Increased test coverage #29

Mews · 2024-06-17T13:31:59Z

Related to #28 and #24

Changes
Before, the test coverage was at around 79% (this is including the soon to be removed main function in crawler.py)
I've added new test cases to test_crawler.py, so that now the test coverage is at 100% (excluding the main function)

I've also changed the ci workflow so that a coverage report is shown when running the tests, using the already installed pytest-cov extension

And I've also fixed some formatting issues present before my changes (not sure how they were passing the ci but they were getting found on my machine on the commit hook so I fixed them)

indrajithi · 2024-06-17T13:50:32Z

tests/test_crawler.py

+    spider = Spider("http://http.error")
+
+    resp404 = spider.fetch_url("http://http.error/404")
+


This test is too long.

We can break this based on SRP. like test_fetch_url_handles_404_error, test_fetch_url_handles_408_error etc.

We can extract out common code def setup_mock_response(url, status, body="<html><body><a href='http://http.error'>link</a></body></html>") and re use it.

type: ignore (can we use type hints here.
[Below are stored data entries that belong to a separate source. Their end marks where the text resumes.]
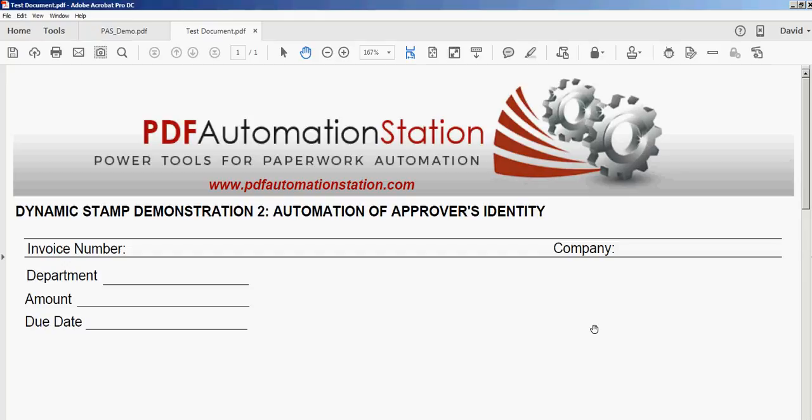This is the second in a series of 10 short dynamic stamp videos, each demonstrating a different workflow or automation solution. Any of the techniques can be combined into a customized dynamic stamp. So let's get started with the second stamp demonstration.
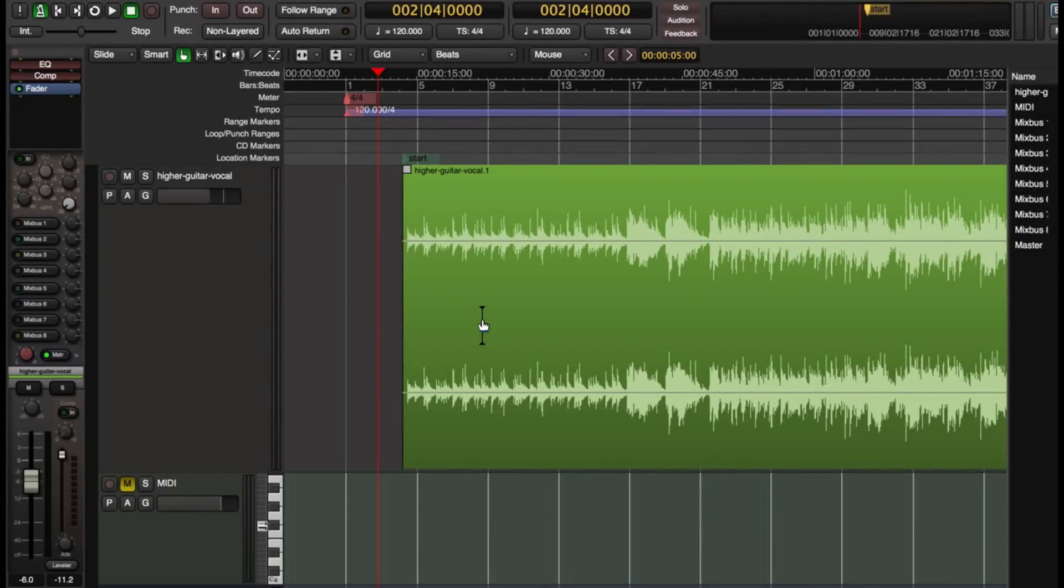Hello, this is Ben at Harrison Consoles. Today I'd like to introduce a new feature that we've developed for Mixbus version 4.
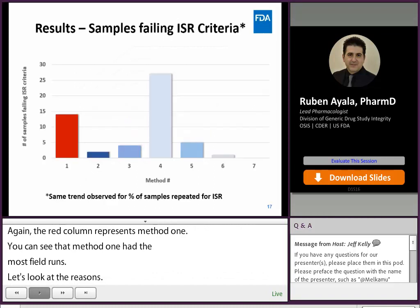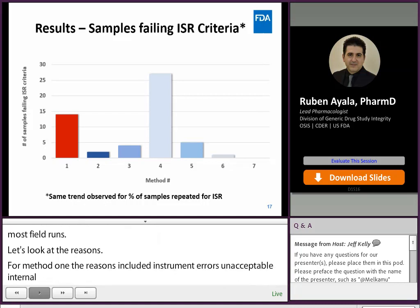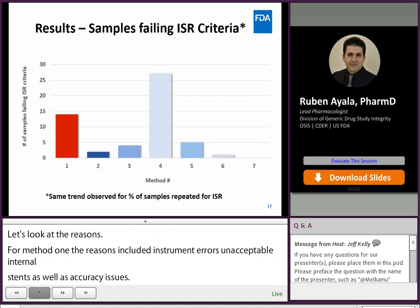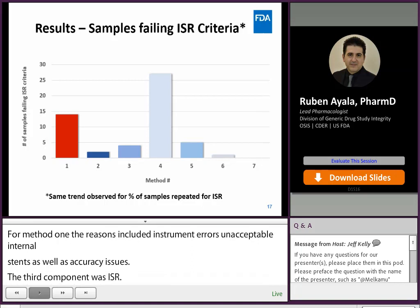The third component was ISR. The red bar is method one. Based on the count shown on the y-axis, method one had the second highest number of ISR samples that failed the acceptance criteria. However, it's worth mentioning that all the methods met the overall incurred sample reanalysis criteria as specified in the FDA guidance document.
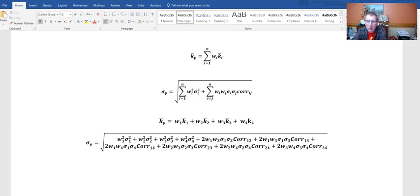I recently had a request to do a video for a four-stock standard deviation, so I thought I could do that fairly quickly and I wanted to walk through that.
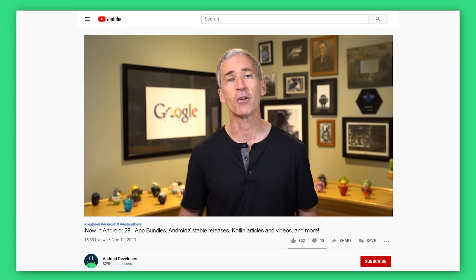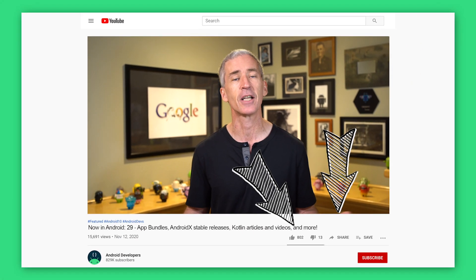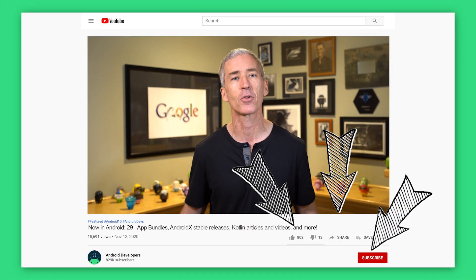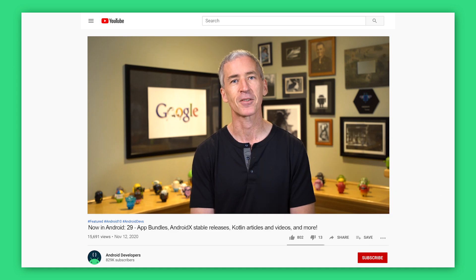As usual, all of the links to everything I've talked about are in the article, so check out the Medium article for those. If you like the video, go ahead and like, share, and subscribe to the Android Developers channel on YouTube. Thanks.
Maybe pytest.CaptureFixture?)

Yeah you're right I'll shorten it 👍
I don't understand what you mean in the 3rd thing tho. Are you referring to the places where I wrote # type: ignore? That's because otherwise mypy would complain about the capsys argument, which is only passed when running the tests.

Just pushed the changes let me know what you think 👍

indrajithi · 2024-06-17T13:53:30Z

I've also changed the ci workflow so that a coverage report is shown when running the tests, using the already installed pytest-cov extension

Awesome!

Can we display it in Readme? Ideally we can make it like: If it falls below a threshold coverage (80%) the CI should fail. We can spec out that in a different issue.

Mews · 2024-06-17T13:55:05Z

I don't know about making the ci fail when its bellow a certain coverage percentage, but I can add a badge to the readme with the coverage percent, which then links to the full report.
You can see how it'd look here for example :)
It would use this action for it

indrajithi · 2024-06-17T14:13:47Z

tests/test_crawler.py

+        body=requests.exceptions.Timeout(),
+        status=408
+    )
+


responses.add( responses.GET, "http://timeout.error", body=requests.exceptions.Timeout(), status=408 )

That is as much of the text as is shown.